Five key takeaways and learning points
1. People do not need more pressure to perform; they need conditions that let them breathe.
So what: if the environment keeps people braced, their best thinking gets swallowed by anxiety.
2. Acknowledgement is not a small thing — it is part of whether people stay engaged.
So what: when effort is unseen, people do not just feel sad; they begin to withdraw.
3. A good headline score can hide deep harm underneath.
So what: if you only celebrate the average, you may miss the people quietly leaving the system.
4. Leadership is felt in the body, not just heard in the message.
So what: people know very quickly whether a manager regulates a room or unsettles it.
5. Belonging cannot be built by asking individuals to cope with everything.
So what: sustainable care requires the organisation to change, not just the employees to toughen up.
Ten distinct ideas explained
1. Belonging is relational
It is not something one person can manufacture alone. Andrea’s “50, 50” framing makes clear that belonging grows through mutual effort, not one-sided adaptation.
2. Clarity is a form of care
When people know why they are in a meeting, what is expected and who decides, they stop wasting energy on uncertainty. That preserves dignity as well as attention.
3. Fear changes behaviour
In unsafe environments, people self-censor, withdraw or go quiet. This is not apathy; it is protection.
4. Recognition keeps people alive to their own value
Andrea ties acknowledgement to the brain’s motivation systems. When people feel their work matters, they stay connected to it.
5. Politeness is not the same as trust
Teams can look calm on the surface while everyone remains guarded. Real connection means people can be honest, ask for help and believe they will not be punished.
6. Burnout is often a system’s footprint
Andrea resists the idea that exhaustion is just an individual failure. Repeated late-night demands, unclear priorities and lack of recovery are organisational choices.
7. Safety begins with response
People learn whether it is safe to speak by what happens after they speak. If leaders become defensive, silence spreads.
8. Averages can be morally misleading
A strong overall score can obscure the people who are having a very different experience. The outliers are often where the pain lives.
9. Belonging includes self-relationship
Andrea notes that people also need to understand their own needs, limits and conditions for doing well. That self-knowledge is part of resilience without becoming self-blame.
10. What happens outside work comes into work
She is clear that the brain does not separate world events from workplace experience.

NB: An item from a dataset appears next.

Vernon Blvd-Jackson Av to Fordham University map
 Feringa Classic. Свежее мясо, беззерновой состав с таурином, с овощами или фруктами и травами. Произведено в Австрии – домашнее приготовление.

Fear, tension and overload travel with people, which is why care and regulation matter.
How people should change as a result
1. Think
- Move from seeing belonging as “nice to have” to seeing it as what allows people to function well.
- Stop assuming silence means agreement; it may mean fear or exhaustion.
- Replace “Why aren’t people coping?” with “What conditions are we creating?”
- Look beyond averages and ask who is missing from the story.
2. Feel
- Shift from defensiveness to curiosity when hearing uncomfortable feedback.
- Move from guilt to responsibility: not self-punishment, but purposeful change.
- Feel more tenderness towards people who seem withdrawn, as they may be protecting themselves.
- Replace admiration for busyness with respect for sustainable, humane work.
3. Act
- Begin meetings with simple clarity: why people are there, what is needed, who decides.
- Acknowledge specific contributions at the end of projects, not as praise theatre but as honest recognition.
- Close the loop when someone raises a concern: say what was heard and what was done.